Der Winter ist eine Zeit der Ruhe in der Natur. Zumindest äusserlich tut sich nicht viel, Laubbäume stehen blätterlos in den Wäldern und dichtbewachsene Hänge erscheinen plötzlich fast durchscheinend. Das Wild zieht sich in seine Einstände, also in Dickungen und Jungwuchs zurück. Das Nahrungsangebot wird geringer und die Nahrungsreserven müssen gut eingeteilt werden.

Was das Wild jetzt braucht, ist vor allem Ruhe. Grundsätzlich sieht das Jagdgesetz keine Fütterungen im Winter vor, das Nahrungsangebot ist also ausreichend.
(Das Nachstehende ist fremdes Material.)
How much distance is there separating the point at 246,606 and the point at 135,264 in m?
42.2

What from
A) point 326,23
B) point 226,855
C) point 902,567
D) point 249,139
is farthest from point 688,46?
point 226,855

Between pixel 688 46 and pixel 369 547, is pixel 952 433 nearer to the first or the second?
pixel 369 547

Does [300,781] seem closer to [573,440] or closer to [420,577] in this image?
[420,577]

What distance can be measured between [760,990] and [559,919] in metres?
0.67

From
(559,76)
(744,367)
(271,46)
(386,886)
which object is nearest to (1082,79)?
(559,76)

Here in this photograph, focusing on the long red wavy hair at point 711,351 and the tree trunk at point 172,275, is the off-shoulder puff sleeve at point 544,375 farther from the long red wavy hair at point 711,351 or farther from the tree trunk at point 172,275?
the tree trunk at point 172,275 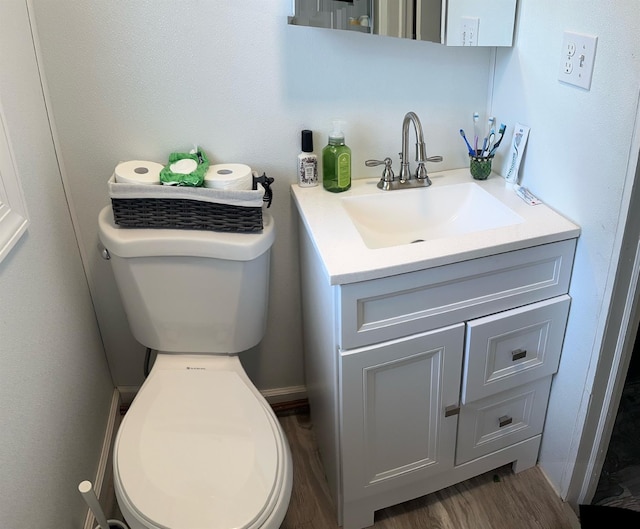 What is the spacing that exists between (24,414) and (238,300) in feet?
1.77

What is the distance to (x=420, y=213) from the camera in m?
1.56

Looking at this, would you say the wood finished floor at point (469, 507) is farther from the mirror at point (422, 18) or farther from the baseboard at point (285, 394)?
the mirror at point (422, 18)

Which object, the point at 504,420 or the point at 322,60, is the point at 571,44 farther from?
the point at 504,420

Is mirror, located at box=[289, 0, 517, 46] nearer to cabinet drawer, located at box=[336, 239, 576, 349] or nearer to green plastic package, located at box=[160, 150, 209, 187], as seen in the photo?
green plastic package, located at box=[160, 150, 209, 187]

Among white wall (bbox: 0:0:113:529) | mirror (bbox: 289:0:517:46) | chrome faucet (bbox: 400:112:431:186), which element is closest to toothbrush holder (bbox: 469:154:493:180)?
chrome faucet (bbox: 400:112:431:186)

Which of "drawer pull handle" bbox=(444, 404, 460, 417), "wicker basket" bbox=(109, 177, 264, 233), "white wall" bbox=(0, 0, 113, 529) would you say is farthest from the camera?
"drawer pull handle" bbox=(444, 404, 460, 417)

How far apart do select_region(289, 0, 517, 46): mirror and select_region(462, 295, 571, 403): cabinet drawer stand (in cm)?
67

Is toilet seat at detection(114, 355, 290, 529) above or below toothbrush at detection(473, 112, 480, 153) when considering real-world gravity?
below

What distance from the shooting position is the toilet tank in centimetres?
136

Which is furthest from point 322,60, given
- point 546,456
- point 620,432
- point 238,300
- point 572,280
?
point 620,432

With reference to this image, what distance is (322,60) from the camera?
57.1 inches

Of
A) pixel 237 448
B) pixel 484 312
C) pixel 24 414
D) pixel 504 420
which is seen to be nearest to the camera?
pixel 24 414

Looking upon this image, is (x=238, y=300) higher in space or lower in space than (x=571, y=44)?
lower

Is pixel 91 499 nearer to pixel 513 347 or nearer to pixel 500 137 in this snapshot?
pixel 513 347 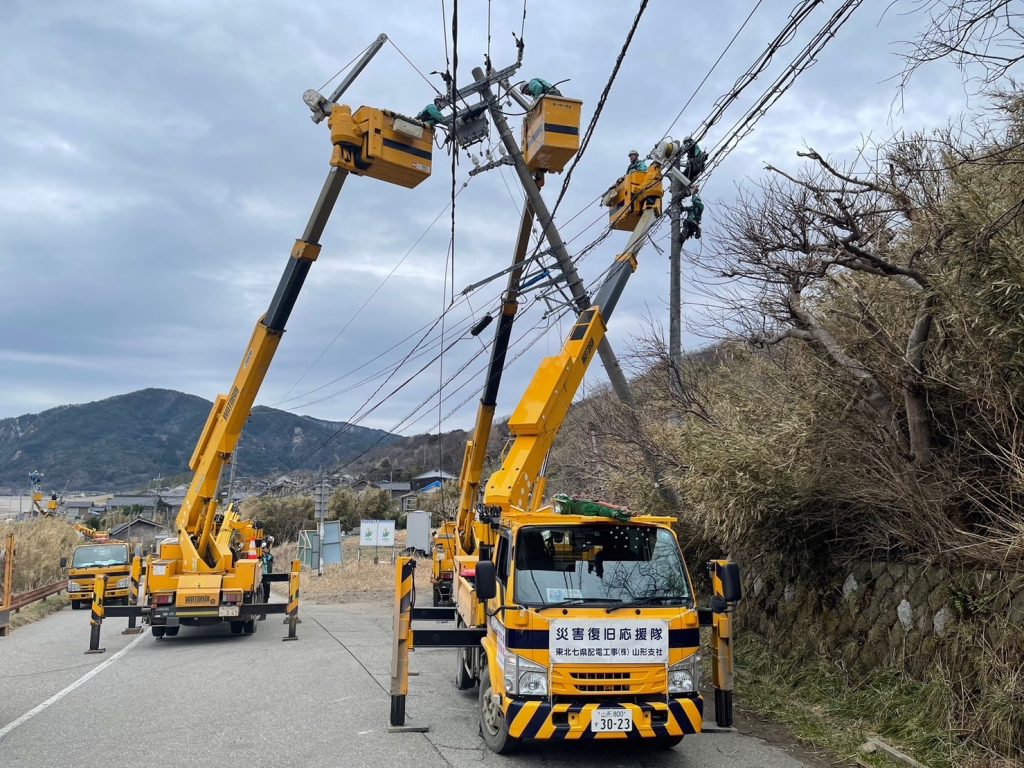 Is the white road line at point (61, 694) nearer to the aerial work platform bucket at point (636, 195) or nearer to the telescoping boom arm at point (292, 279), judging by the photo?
the telescoping boom arm at point (292, 279)

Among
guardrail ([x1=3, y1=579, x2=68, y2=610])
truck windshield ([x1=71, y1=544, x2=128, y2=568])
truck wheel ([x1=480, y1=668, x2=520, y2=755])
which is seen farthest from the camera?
truck windshield ([x1=71, y1=544, x2=128, y2=568])

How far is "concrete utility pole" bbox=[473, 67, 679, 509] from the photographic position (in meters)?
12.7

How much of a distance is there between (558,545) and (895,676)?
367 centimetres

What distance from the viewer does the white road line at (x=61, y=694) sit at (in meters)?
7.84

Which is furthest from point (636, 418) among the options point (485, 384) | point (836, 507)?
point (836, 507)

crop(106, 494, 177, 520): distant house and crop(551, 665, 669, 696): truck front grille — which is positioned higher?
crop(106, 494, 177, 520): distant house

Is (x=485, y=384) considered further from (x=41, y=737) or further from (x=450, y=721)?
(x=41, y=737)

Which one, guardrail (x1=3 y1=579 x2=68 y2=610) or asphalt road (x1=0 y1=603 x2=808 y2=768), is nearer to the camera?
asphalt road (x1=0 y1=603 x2=808 y2=768)

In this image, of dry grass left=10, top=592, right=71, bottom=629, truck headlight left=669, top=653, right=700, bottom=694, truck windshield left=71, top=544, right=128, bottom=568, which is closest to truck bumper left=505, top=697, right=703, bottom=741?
truck headlight left=669, top=653, right=700, bottom=694

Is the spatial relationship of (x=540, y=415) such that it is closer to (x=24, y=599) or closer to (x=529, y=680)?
(x=529, y=680)

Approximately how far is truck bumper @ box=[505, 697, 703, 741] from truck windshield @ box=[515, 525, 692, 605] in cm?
85

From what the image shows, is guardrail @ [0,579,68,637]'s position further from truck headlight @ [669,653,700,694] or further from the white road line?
truck headlight @ [669,653,700,694]

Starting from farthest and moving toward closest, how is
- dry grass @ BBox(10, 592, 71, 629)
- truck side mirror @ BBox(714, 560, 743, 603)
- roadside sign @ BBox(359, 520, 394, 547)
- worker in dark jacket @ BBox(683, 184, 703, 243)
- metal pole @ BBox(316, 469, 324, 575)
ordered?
roadside sign @ BBox(359, 520, 394, 547) → metal pole @ BBox(316, 469, 324, 575) → dry grass @ BBox(10, 592, 71, 629) → worker in dark jacket @ BBox(683, 184, 703, 243) → truck side mirror @ BBox(714, 560, 743, 603)

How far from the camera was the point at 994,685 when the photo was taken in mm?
6020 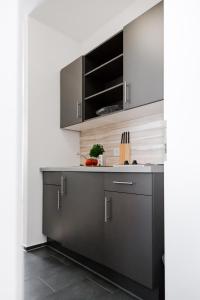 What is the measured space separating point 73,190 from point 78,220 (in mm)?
282

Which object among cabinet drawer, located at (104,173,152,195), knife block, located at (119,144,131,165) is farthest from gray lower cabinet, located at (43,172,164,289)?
knife block, located at (119,144,131,165)

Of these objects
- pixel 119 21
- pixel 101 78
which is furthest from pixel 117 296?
pixel 119 21

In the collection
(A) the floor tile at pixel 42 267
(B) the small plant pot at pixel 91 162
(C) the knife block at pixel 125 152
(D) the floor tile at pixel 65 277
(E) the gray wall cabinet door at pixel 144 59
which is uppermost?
(E) the gray wall cabinet door at pixel 144 59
Wenn das Wild aber oft aufgestört wird etwa durch Schneeschuhwanderer abseits der Wege, können die Fluchten sehr kraftraubend sein. Auch Drohnenüberflüge, die zwar eindrückliche Bilder liefern mögen, sind vor allem fürs Gamswild in höheren Lagen oft schwierig oder mitunter tödlich. Dies deshalb, weil die Rudel in Panik geraten, da die anfliegende Drohne nicht von einem Beutegreifer unterschieden wird.

Mit Vernunft und Rücksichtnahme ist der Lebensraum Wald auch im Winter eine faszinierende Umgebung!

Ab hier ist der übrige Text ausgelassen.